Screw-drive garage door openers aren't as popular as some other types, but feedback indicates that those that give the Genie Excelerator a try are largely very happy that they did. It's a fast performer, owners say, and the company claims that it can move a door at a rate of up to a foot per second. It's relatively quiet, too -- perhaps not the absolute quietest that you can buy, but certainly quieter than a chain-drive opener, and quieter than older screw-drive openers, users report.
Traditional One Panel: These doors consist of one large panel which tilts to open by employing a spring mechanism to swing upward. The wood version is popular in the South and Southeastern US, where a milder climate keeps the wood from rapidly deteriorating. Traditional garage door designs include Cape, Colonial, Ranch, Tudor and Craftsman. The disadvantage is these doors require a lot of clearance to operate correctly. Sometimes repairs can be difficult because of the heaviness of the door or its inaccessibility. Average cost to repair tilt-up doors is $172.
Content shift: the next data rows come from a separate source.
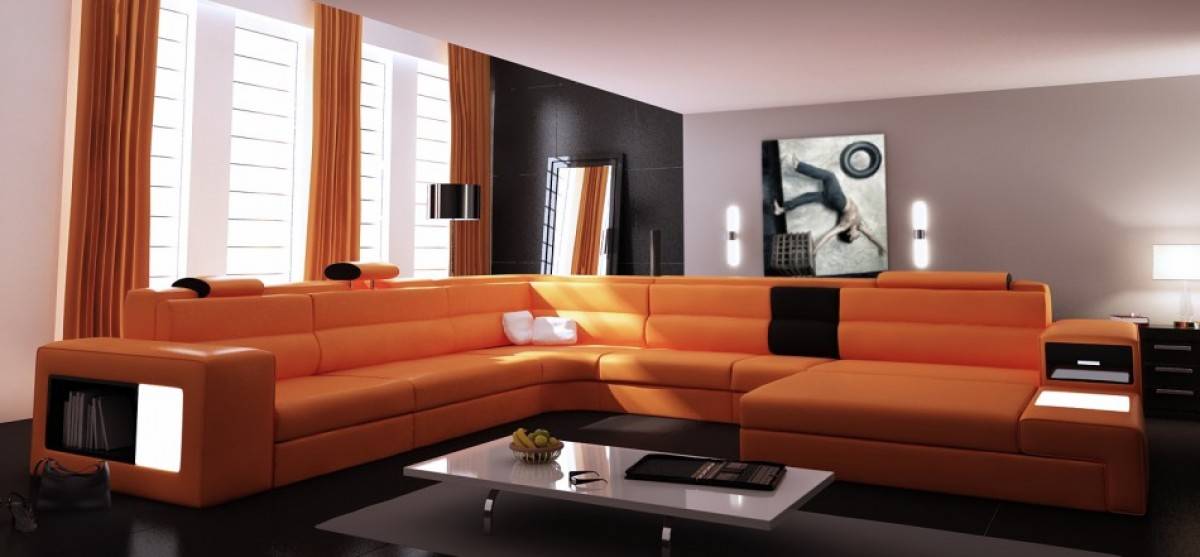 Extra Large Contemporary Sectional Sofa in Copper with End Table - Click Image to Close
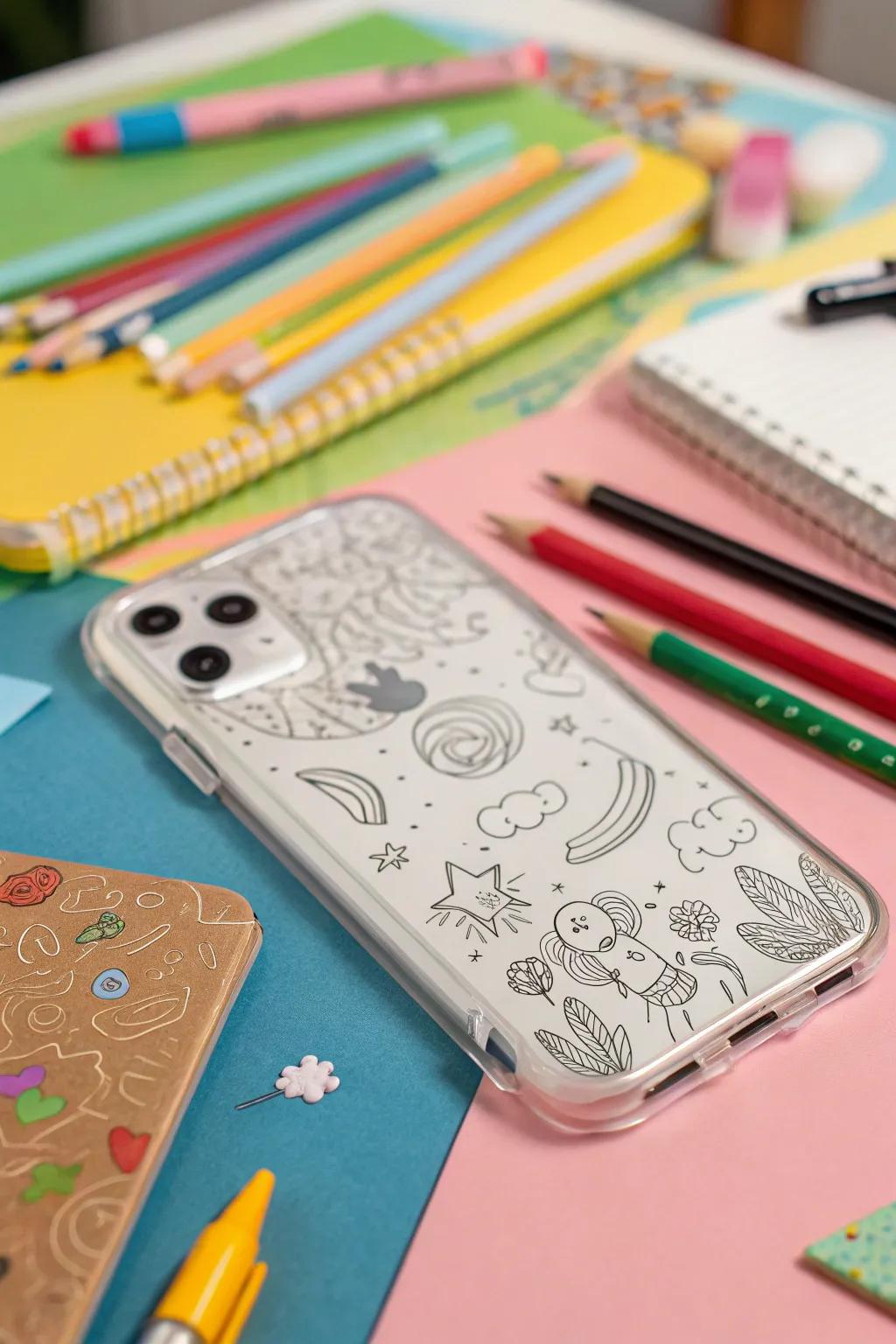 Create a unique phone case design with your own sketches.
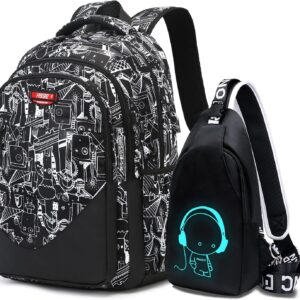 Oxford Fabric School Backpack For Boys, School Backpack With Print, Teenager School Bag, Outdoor Reflective Daypack, Grey C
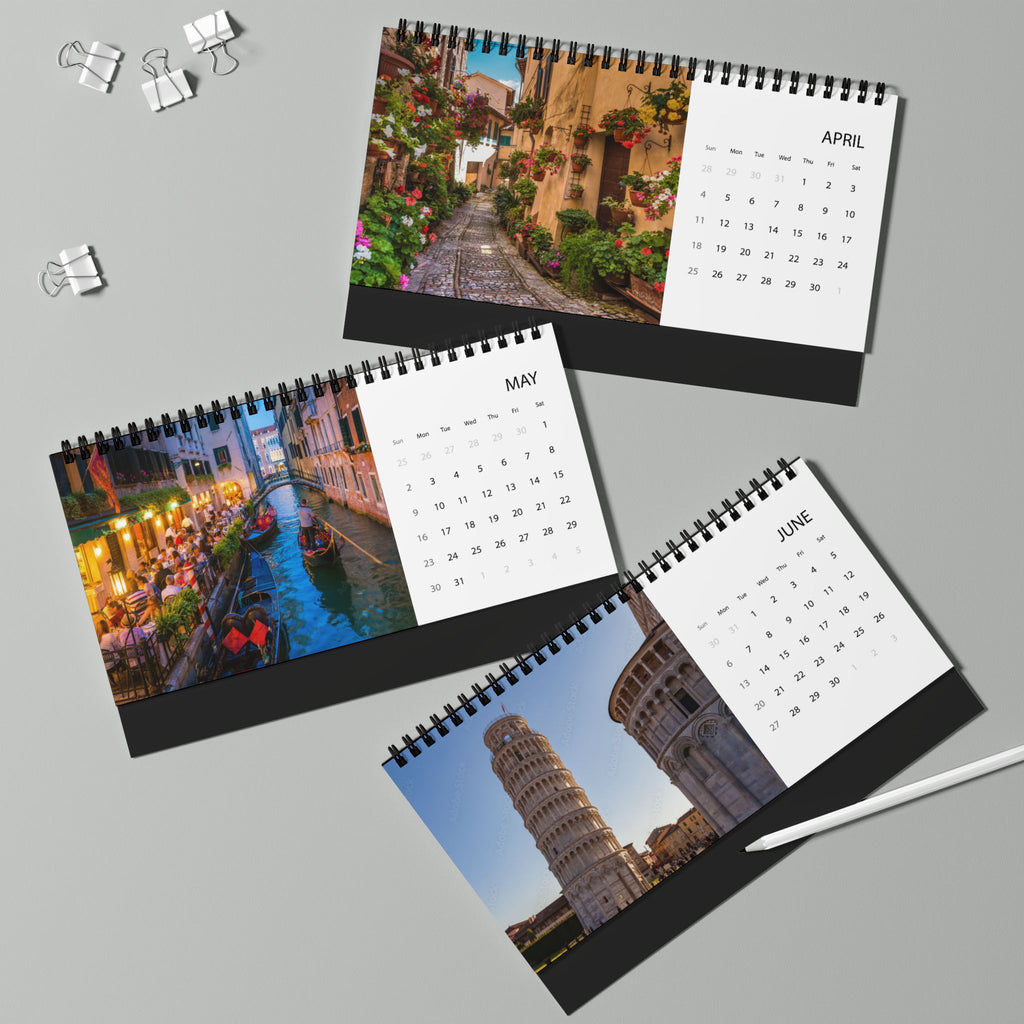 Italy Scenic Desktop Calendar (2027 Grid)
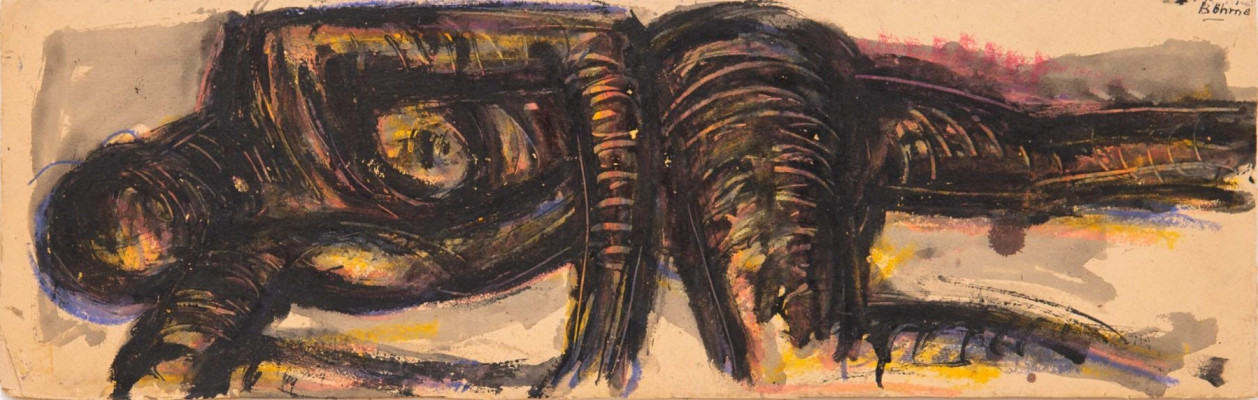 Lothar Böhme, Akt liegend, 1993 <br /> Öl auf Karton, 20 x 62cm<br /><strong> Startpreis 600 € </strong><br /><strong>–VERKAUFT–</strong>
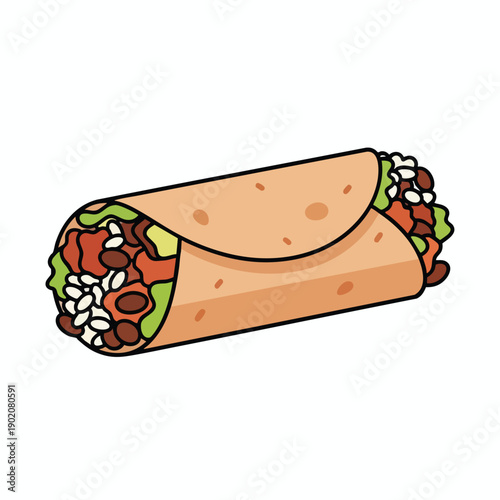 Delicious wrapped snack with fresh ingredients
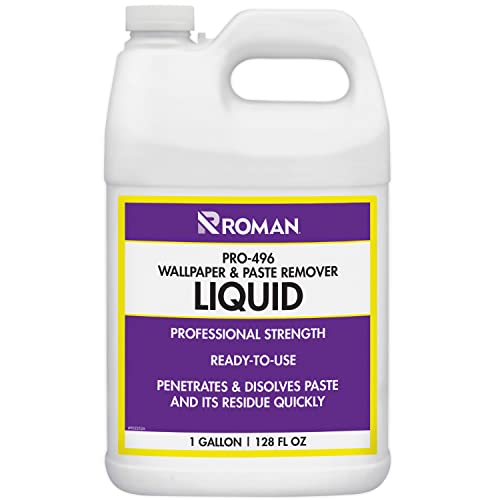 Roman Wallpaper Remover Liquid, Contractor Strength Wallpaper Stripper and Adhesive Remover, Unscented, Non-Staining, Clear, PRO-496 (1 Gallon, 300 Sq. Ft.)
Absolute Overhead Door Service was founded by Vince Heuser when he saw the need for a new garage door company that performed at a much higher standard than most companies in the local area. He understood and saw that the need for HONEST, knowledgeable, dependable, and friendly technicians was apparent and Absolute Overhead Door Service was then founded in 2007. With our extraordinary growth because of our outstanding service, we cover the entire Central Kentucky area including Louisville, Elizabethtown, Bardstown, and Southern Indiana. We have warehouses strategically located so our technicians can be on your job within two hours on most days with no extra charges anywhere or anytime in normal hours. No other local company provides the convenient service hours that we do, 8am-6pm Monday-Saturday and Emergency Service after 6pm, Monday thru Friday, and on Sunday’s. We guarantee same day service on calls by 1pm and still get most service calls up to 4pm the same day.
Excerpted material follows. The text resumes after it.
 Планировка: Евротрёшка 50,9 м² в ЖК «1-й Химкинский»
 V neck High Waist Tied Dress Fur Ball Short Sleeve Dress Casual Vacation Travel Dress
Looking for another budget option? This one, also from Chamberlain, is a good choice. With a powerful ½ horsepower motor, it’s reliable and rugged, especially paired with its industrial strength chain drive. The 100-watt bulb gives you some overhead light that guides you into your home from your car safely. It also comes with a pre-programmed, one-button remote that can be used over a long range. Plus, there are safety sensors that project an invisible beam helping to prevent the door closing on people or objects. And when the door is closed, you can rest assured it’ll stay closed and locked thanks to its Patented Security + 2.0 rolling code technology and PosiLock anti-theft protection.
Remember, not all garage door springs are alike. They are not one size fits all. If yours breaks, make a note of the brand and color code on the spring you need to replace. We'll get you the garage door opener parts you need, from seal kits to torsion and extension spring kits. Save money by replacing garage door hardware instead of replacing the whole unit.